05 · Lookup Walk clockwise

Step two

A key belongs to the first server you meet when walking clockwise.

Hash the key. Drop it onto the ring at that position. Then move in the agreed direction — clockwise by convention — until you encounter a server. That server owns the key. The walk is purely conceptual; in practice it is a binary search over the sorted list of node positions.

One rule fits everything

Reads, writes, and replica placement all use the same rule. There is no separate routing table that must stay in sync with membership.

Lookup is O(log N)

Each node holds the sorted positions of all peers. Finding the successor of a key's hash is a binary search — fast even with thousands of virtual nodes.

Wrap-around at the top

If a key's hash falls past the last server's position, the walk continues past 0 and lands on the first server. The ring has no seam.

Each arc is the territory of the server at its clockwise end

06 · Adding Only neighbors move

Elasticity, the gentle way

Add a node and only one arc rearranges.

Suppose a new server E joins between B and C. Every key that previously walked past E to reach C now stops at E instead. Keys living anywhere else on the ring are untouched — their successor server is unchanged.

Before · 4 nodes

Keys k1, k2, k3 all walk clockwise to land on C.

After · E joins between B and C

k1, k2, k3 now stop at E. All other keys keep the same owner.

On average, joining a cluster of N nodes moves only about 1/N of the keys — compared to nearly all of them under mod-N hashing.

07 · Removing Failure and shrink

The symmetric case

Lose a node, and its arc folds into the next one clockwise.

If a server fails or is decommissioned, every key it owned was, by definition, in the arc ending at its position.
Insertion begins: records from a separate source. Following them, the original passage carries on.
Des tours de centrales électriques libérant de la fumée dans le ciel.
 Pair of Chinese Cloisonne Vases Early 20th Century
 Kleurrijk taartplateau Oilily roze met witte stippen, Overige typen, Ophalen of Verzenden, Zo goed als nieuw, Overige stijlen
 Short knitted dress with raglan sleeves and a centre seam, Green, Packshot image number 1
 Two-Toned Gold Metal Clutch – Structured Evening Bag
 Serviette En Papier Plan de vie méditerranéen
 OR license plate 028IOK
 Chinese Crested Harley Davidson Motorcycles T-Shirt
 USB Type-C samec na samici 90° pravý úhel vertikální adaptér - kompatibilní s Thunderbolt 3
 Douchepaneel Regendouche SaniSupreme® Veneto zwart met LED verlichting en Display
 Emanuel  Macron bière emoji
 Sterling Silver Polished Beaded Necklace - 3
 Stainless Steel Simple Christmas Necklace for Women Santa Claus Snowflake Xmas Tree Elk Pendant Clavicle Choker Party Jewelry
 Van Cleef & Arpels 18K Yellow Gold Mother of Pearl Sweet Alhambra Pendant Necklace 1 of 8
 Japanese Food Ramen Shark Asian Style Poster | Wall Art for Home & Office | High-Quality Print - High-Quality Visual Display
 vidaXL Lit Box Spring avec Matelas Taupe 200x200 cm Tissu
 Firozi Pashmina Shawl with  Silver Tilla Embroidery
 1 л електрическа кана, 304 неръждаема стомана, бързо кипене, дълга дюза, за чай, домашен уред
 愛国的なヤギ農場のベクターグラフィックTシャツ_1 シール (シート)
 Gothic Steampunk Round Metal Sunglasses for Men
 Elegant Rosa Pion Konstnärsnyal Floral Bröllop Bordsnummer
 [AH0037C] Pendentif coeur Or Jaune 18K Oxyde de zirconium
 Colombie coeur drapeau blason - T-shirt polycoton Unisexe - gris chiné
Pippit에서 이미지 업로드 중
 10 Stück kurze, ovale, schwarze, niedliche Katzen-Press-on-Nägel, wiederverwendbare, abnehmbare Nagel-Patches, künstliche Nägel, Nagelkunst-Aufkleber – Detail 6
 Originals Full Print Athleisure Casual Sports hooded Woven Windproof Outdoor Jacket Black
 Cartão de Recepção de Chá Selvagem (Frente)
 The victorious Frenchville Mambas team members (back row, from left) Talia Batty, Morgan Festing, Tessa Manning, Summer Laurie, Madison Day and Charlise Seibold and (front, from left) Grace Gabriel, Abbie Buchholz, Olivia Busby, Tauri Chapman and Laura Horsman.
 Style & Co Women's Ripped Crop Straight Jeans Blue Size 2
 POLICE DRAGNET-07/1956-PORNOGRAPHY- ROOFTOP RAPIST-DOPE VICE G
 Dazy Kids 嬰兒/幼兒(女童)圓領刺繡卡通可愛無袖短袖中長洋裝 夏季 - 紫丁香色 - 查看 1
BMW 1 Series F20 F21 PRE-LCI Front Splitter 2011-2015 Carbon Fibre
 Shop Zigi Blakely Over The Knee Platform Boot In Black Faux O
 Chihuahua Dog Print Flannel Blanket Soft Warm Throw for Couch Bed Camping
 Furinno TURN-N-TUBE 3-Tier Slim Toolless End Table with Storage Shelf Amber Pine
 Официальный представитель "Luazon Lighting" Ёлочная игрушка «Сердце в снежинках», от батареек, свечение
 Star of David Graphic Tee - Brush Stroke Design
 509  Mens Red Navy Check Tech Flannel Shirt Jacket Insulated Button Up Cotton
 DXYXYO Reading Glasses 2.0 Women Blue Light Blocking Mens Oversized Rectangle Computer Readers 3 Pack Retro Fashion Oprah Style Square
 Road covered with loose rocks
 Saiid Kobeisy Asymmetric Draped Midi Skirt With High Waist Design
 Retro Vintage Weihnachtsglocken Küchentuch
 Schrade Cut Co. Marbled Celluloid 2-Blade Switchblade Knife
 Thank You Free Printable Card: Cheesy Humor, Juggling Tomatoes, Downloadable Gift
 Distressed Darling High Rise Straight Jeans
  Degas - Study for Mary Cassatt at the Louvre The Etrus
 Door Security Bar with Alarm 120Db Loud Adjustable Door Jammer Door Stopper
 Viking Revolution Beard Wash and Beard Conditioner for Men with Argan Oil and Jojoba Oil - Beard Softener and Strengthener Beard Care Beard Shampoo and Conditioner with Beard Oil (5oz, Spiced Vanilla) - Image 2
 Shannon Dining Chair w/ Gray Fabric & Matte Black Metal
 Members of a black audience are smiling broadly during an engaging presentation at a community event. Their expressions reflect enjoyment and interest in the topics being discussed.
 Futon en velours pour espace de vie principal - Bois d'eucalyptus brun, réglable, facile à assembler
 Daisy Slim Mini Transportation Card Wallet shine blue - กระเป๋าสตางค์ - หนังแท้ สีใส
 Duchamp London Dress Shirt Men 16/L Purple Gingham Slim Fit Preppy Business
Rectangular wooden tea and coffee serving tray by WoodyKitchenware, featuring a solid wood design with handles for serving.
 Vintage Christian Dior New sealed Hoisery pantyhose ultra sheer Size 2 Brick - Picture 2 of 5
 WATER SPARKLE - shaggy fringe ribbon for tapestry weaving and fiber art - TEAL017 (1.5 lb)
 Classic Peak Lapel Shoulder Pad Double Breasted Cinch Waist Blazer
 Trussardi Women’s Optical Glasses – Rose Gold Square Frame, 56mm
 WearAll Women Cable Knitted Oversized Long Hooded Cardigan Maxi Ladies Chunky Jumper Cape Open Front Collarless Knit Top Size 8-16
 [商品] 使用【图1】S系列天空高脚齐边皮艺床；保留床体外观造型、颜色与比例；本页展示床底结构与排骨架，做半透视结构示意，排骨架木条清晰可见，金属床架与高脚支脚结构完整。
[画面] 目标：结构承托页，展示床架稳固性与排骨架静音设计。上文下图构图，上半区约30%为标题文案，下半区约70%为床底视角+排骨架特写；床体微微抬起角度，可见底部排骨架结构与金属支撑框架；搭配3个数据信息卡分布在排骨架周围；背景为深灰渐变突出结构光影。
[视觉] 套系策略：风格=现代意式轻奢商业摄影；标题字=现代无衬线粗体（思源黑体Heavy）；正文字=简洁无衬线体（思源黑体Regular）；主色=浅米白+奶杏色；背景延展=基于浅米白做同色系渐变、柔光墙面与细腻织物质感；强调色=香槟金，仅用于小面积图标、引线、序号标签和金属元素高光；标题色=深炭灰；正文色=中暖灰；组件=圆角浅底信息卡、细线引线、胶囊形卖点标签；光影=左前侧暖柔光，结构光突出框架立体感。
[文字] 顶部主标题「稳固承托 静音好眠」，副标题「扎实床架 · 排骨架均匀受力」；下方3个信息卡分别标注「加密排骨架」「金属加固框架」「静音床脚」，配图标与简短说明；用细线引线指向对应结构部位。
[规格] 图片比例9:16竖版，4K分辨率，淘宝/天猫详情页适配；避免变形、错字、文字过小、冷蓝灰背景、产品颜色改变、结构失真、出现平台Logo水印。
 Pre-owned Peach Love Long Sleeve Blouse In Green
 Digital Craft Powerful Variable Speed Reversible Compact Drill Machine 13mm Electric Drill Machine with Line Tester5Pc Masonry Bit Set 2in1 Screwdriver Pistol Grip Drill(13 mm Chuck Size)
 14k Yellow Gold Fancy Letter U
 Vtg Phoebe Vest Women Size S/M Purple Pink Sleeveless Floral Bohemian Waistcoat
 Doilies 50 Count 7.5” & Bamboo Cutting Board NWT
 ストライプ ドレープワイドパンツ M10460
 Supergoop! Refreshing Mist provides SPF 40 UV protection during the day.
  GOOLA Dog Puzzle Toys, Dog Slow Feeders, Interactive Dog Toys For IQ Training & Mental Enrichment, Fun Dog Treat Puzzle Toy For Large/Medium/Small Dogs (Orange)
Those keys are simply walked one step further around the ring — to the next surviving server. No other arc is disturbed.

Before · B still healthy

k1 and k2 fall in the arc owned by B.

After · B fails

k1 and k2 walk past where B was and stop at C. A and D are untouched.

Failure is just a node deletion. The neighbor inherits the load — which is convenient and, as we will see next, also exactly where the trouble starts.

08 · The Catch Uneven arcs, hot spots

The first real problem

A small number of nodes makes the ring lumpy.

With only a handful of randomly placed points on a huge circle, some arcs are inevitably much wider than others. The server at the clockwise end of a wide arc owns a disproportionate share of the keyspace — and therefore traffic. Worse, when a node fails, its entire arc falls onto a single neighbor, which may already be busy.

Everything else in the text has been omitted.